One of my favorite presentations is Revenge the SQL by Rob Volk (blog|twitter). It’s a demonstration of a lot of strange, fun, and sometimes terrifying things you can do with SQL Server. Sometimes just for amusement and sometimes if you want to burn down your house. None of it should be used at work!!!
That said, at the end of the presentation during Summit this year Rob asked if anyone had any interesting additions and maybe not so surprisingly I had thought of one.
BEGIN TRANSACTION GO 1000
If you are already cringing you can probably skip the rest of this post. This could be really nasty at the beginning of a piece of code if someone isn’t paying attention. It actually came from a piece of code I was asked to debug a while back and has a couple of moving parts. The piece of code looked something like this:
BEGIN TRANSACTION DELETE TOP (10000) FROM dbo.LotsOfData WHERE Status = 'Done'; GO 1000 COMMIT
The database was in SIMPLE recovery mode and the idea was to remove data in chunks. However the developer complained that it was still blowing up the log and then when he tried to close the query window there was an open transaction.

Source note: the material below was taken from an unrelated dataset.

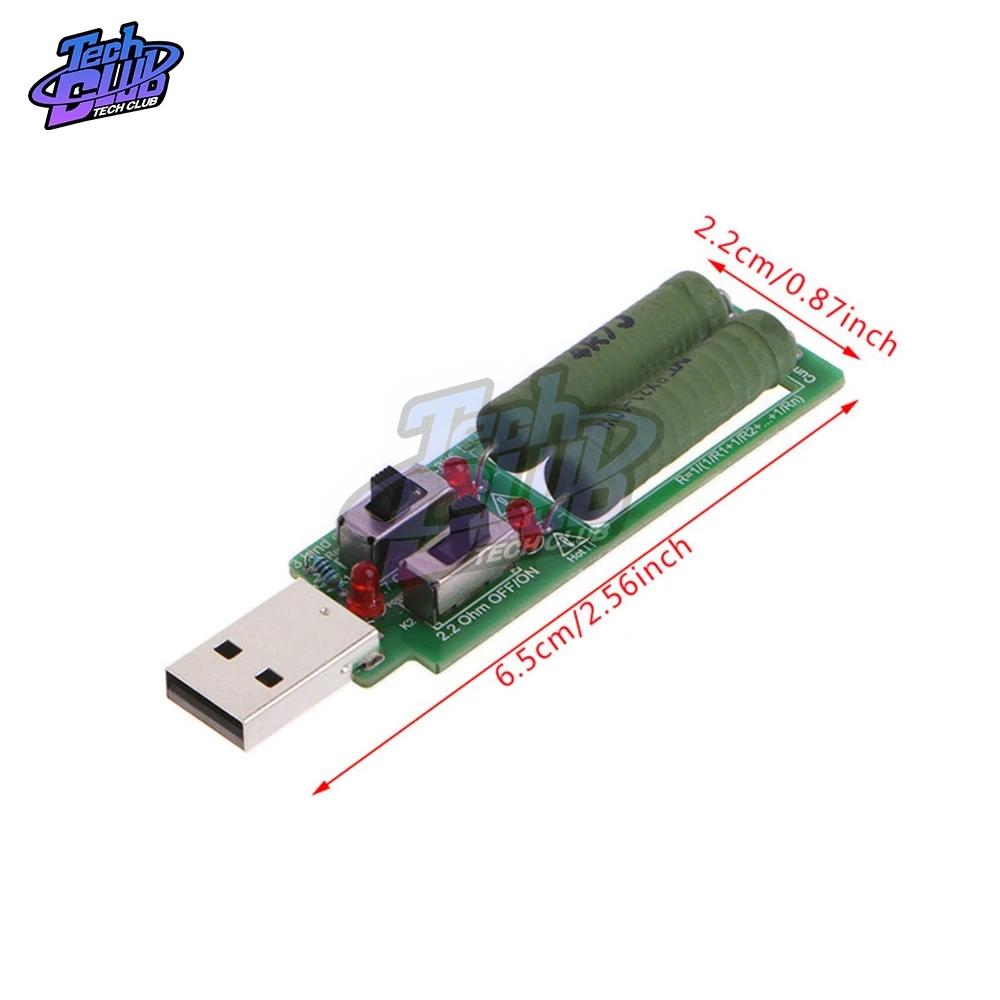 5V USB resistor dc electronic load With switch adjustable current 1A/2A/3A battery capacity voltage discharge resistance tester |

Let me start by explaining that the number after GO means to run the above batch that number of times. So GO 10 means run the batch 10 times. In this case the DELETE was being run 1000 times, just as the developer wanted, but they missed that the BEGIN TRANSACTION was being run each time was well. Now, in reality there is only one transaction (a single ROLLBACK will undo all levels of the transaction) but each time you run BEGIN TRANSACTION it creates a new level of the transaction, and requires an additional COMMIT to clear. So in order to clear this a COMMIT had to be run an additional 999 times.